Opinion
329 2022
09-25-2023
Submitted: July 12, 2023
Court Below: Superior of the State of Delaware Cr. ID No. 2010010939 (S)
Before SEITZ, Chief Justice; LEGROW, and GRIFFITHS, Justices.
ORDER
Abigail M. LeGrow Justice
Upon consideration of the parties' briefs and the record below, and following oral argument, it appears to the Court that:
(1) The appellant, Luis R. Rosas-Jose, filed this appeal from his convictions for first-degree rape and first-degree burglary. The appellant argues that his rape convictions should be reversed because the Superior Court erred in admitting into evidence a foreign driver's license, which was the only evidence of the defendant's age. He also contends that his burglary conviction should be reversed because the State failed to present sufficient evidence of intent.
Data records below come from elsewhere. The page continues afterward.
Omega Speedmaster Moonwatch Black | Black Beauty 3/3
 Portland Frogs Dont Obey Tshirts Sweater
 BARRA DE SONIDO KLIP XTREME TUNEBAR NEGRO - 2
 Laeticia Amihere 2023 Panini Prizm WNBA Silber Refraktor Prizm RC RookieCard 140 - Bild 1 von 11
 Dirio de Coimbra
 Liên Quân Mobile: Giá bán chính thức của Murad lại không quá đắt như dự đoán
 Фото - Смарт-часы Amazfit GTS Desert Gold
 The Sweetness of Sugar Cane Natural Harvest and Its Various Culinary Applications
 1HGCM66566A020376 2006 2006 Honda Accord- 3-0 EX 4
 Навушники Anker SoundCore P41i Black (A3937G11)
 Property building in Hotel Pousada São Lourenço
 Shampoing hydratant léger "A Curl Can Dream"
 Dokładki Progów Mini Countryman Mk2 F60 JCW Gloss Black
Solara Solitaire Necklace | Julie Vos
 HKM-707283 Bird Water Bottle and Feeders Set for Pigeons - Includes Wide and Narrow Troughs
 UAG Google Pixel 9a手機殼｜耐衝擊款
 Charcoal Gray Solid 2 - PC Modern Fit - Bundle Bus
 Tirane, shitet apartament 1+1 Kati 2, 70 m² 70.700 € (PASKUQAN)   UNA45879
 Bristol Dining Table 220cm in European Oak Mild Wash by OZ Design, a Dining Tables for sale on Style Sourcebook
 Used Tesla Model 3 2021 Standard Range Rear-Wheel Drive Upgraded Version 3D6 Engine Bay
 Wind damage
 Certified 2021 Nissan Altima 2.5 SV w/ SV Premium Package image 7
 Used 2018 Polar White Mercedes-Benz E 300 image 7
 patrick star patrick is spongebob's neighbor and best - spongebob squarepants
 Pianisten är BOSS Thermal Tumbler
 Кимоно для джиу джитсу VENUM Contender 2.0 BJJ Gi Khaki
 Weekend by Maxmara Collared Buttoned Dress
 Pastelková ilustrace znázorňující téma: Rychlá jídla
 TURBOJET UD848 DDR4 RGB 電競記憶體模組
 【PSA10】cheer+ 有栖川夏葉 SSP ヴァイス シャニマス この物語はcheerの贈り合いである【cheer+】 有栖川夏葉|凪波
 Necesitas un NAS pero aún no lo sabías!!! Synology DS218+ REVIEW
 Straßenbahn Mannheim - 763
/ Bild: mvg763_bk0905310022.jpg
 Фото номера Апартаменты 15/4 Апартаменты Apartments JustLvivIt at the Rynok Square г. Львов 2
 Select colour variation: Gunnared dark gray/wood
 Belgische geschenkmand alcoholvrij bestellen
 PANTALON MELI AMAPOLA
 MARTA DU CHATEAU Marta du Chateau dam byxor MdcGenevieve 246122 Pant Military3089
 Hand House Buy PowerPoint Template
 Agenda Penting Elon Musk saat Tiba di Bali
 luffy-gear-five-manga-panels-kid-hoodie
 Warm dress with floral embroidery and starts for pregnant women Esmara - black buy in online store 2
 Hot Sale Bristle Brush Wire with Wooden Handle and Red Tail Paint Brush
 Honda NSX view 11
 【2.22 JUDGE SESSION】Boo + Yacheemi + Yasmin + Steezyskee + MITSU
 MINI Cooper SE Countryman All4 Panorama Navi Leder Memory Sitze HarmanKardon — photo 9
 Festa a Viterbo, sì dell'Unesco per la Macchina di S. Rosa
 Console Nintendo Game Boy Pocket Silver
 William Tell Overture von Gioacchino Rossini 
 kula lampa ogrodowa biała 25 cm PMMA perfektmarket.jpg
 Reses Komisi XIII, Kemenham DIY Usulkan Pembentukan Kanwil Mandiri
After careful consideration of the parties' arguments, we affirm Rosas-Jose's convictions.
FACTUAL AND PROCEDURAL BACKGROUND
(2) On October 22, 2020, Delaware State Police were called to a home in Millsboro, Delaware in response to a reported sexual assault. The complaining witness, K.E.P., was eleven years old at the time of the incident. A grand jury later indicted Rosas-Jose on several charges, including Burglary First Degree, Possession of Burglar's Tools, Rape First Degree, Rape Second Degree, Unlawful Sexual Contact First Degree, Offensive Touching, and Failure to Comply with Taking Photos and Fingerprints.
(3) K.E.P. testified at trial that she was alone in her parents' home on October 22, 2020, because her parents were at work and her younger sisters were at school. The previous day, Rosas-Jose had learned from K.E.P.'s mother that K.E.P. would be the only person in the house the following morning. K.E.P. testified she awoke on the morning of October 22nd to her "step uncle," Rosas-Jose, grabbing her legs. Although K.E.P. resisted, Rosas-Jose was able to remove her pants. He then vaginally raped her. When K.E.P. kicked him, Rosas-Jose slapped her, causing her to blackout. After some time, K.E.P. regained consciousness. Rosas-Jose continued to rape her, and when she asked him to stop, he showed her tape and threatened to bind her hands and mouth if she did not remain quiet. During the hour that Rosas-Jose remained in K.E.P.'s house, he repeatedly penetrated her vaginally and anally and performed other sexual acts against her.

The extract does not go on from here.